Com aproximadamente duas semanas de vida, levamos o Dante para a sua primeira consulta pediátrica. Tínhamos esperança de encontrar suporte para a amamentação, mas saímos de lá com uma indicação para complementação com leite artificial. O motivo era simples: o ganho de peso do Dante não atendia às expectativas das curvas de crescimento, mesmo que ele estivesse urinando várias vezes ao dia e mamando em livre demanda. Para quem não sabe, um bebê que urina normalmente, mama com muita frequência e não está apático é o melhor indicativo de que está tudo bem com ele.

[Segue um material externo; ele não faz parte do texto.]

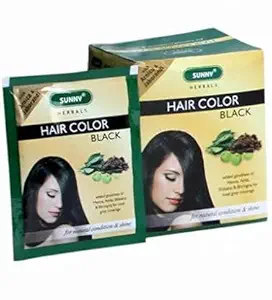 Baksons Sunny Herbal Hair Colour, 30g (Pack of 12) , Black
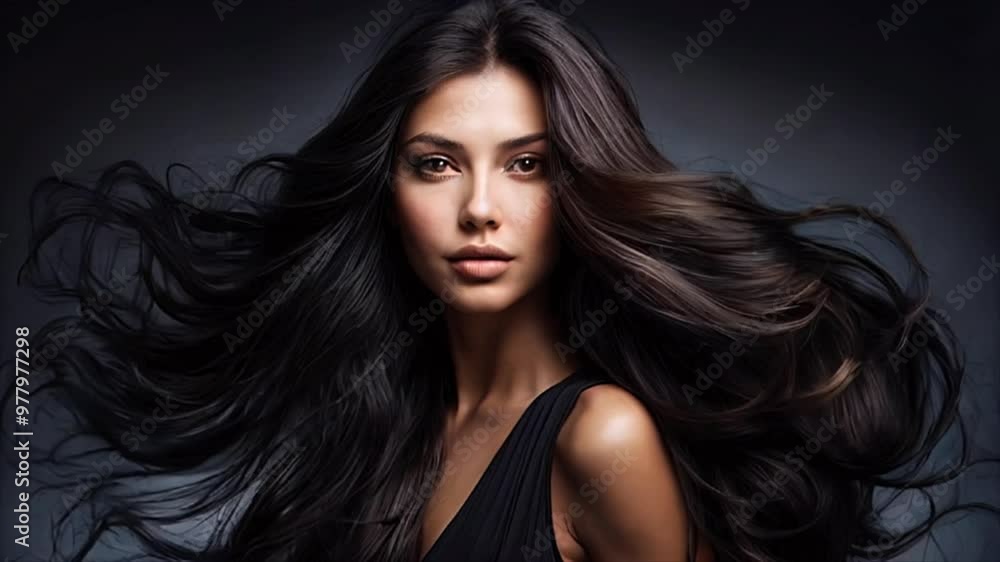 Young woman with healthy long black hair. Glossy wavy beautiful hair Young woman with healthy long black hair. Glossy wavy beautiful hair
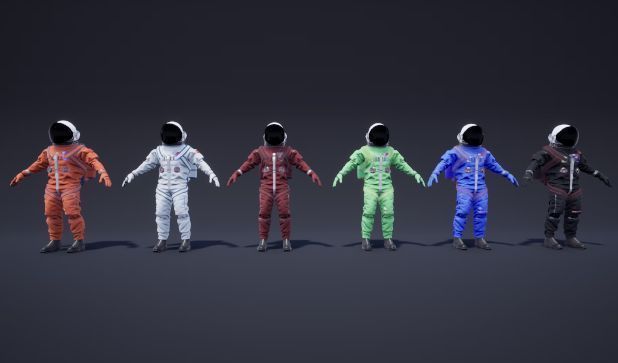 角色自定义界面截图，展示六种不同配色的科学家服装，每种配色具有独特标识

De qualquer forma, aquela receita com leite artificial acabou com a Anne. Ela desmoronou emocionalmente. Sua última esperança estava naquela consulta, onde esperava alguma palavra de incentivo, algum sinal de que aquele caminho era o certo. Talvez esse fosse nosso o erro, de termos depositado tanta responsabilidade em um pediatra, mas o fato é que, naquele mesmo dia, a Anne desistiu. Desistiu porque não via mais motivo para tudo aquilo. Desistiu porque não era mais suportável. Desistiu porque não acreditava mais. A mãe é humana e tem limites.
Em casa, lutávamos uma nova batalha, a de utilizar leite artificial, e como não queríamos usar mamadeira ou qualquer tipo de bico artificial, tentamos usar um copinho de cachaça para dar leite. Foi a maior lambança do universo, altamente improdutivo, tanto que só conseguimos fazer a complementação através do método finger, que consiste em utilizar uma sonda presa ao dedo, simulando o bico do seio. Em outras palavras, o bebê mama o dedo e o leite artificial vem junto pela sonda.
São nesses momentos que a a família tem que se unir, para vencer o que aflige e apoiar um ao outro. Foi um curto período de tempo em que a Anne precisava se recarregar emocionalmente, então assumi um maior controle da situação como um todo, para aliviar um pouco a pressão em cima dela. Mais um motivo pelo qual sou grato de ter tirado os meus 30 dias de férias após o nascimento do Dante.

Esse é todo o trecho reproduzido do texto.